_Task to complete_
From the data that follows, set down exactly the lines from the one with "knit top long sleeve black photo 1" through the one with "Cozy Winter Ambience", counting both. Pictures stay out.

_Data section_
#####

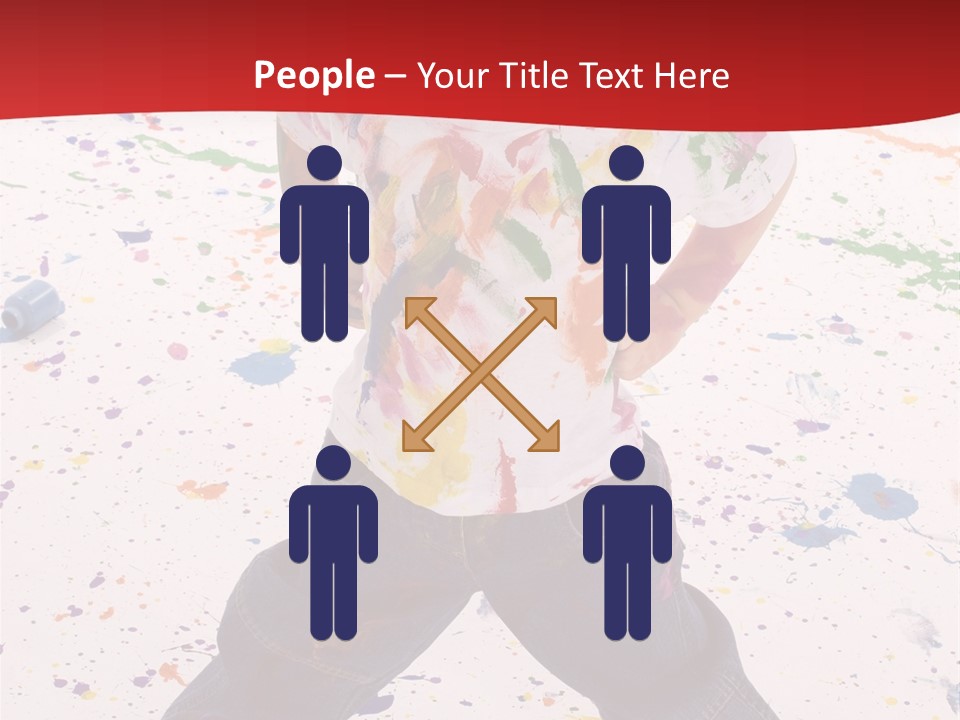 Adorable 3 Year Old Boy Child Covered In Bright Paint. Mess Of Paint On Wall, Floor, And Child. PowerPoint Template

#####

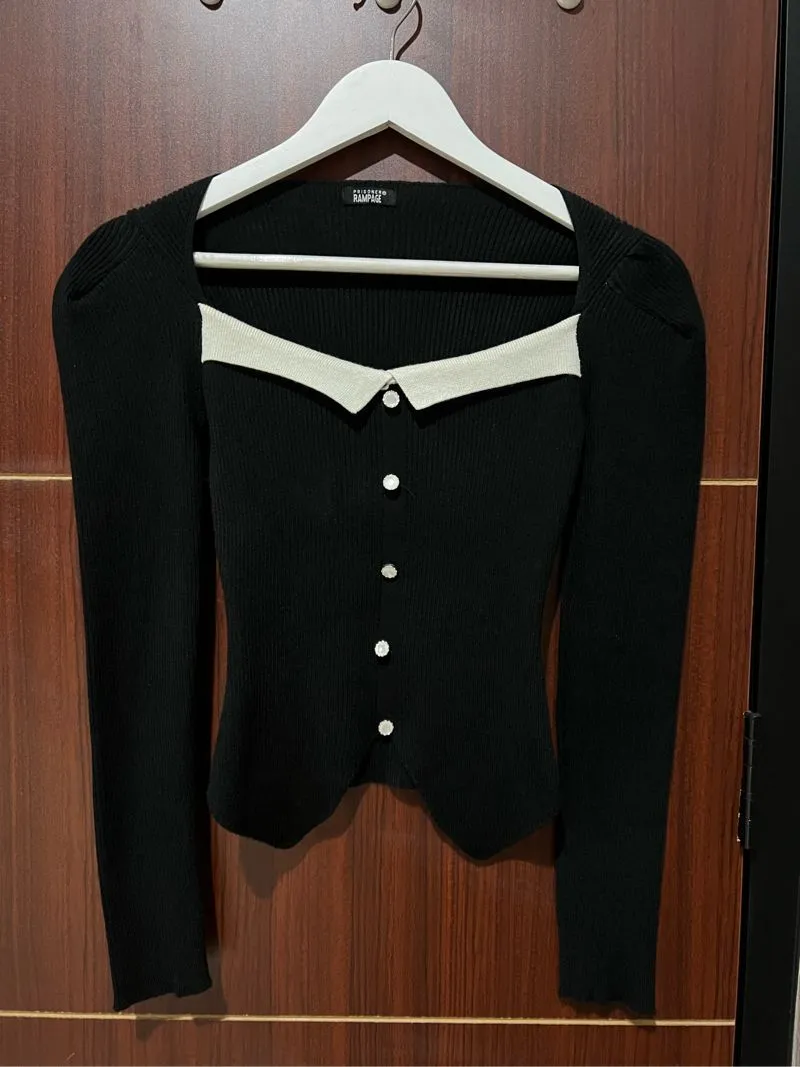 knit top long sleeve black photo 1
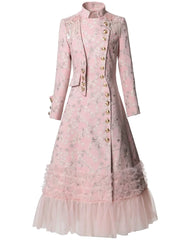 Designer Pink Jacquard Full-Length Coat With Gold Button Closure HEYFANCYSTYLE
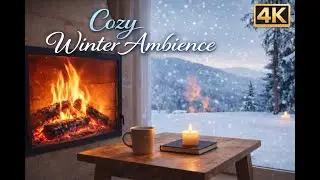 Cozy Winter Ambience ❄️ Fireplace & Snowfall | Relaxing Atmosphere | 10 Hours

#####

_Task answer_
 knit top long sleeve black photo 1
 Designer Pink Jacquard Full-Length Coat With Gold Button Closure HEYFANCYSTYLE
 Cozy Winter Ambience ❄️ Fireplace & Snowfall | Relaxing Atmosphere | 10 Hours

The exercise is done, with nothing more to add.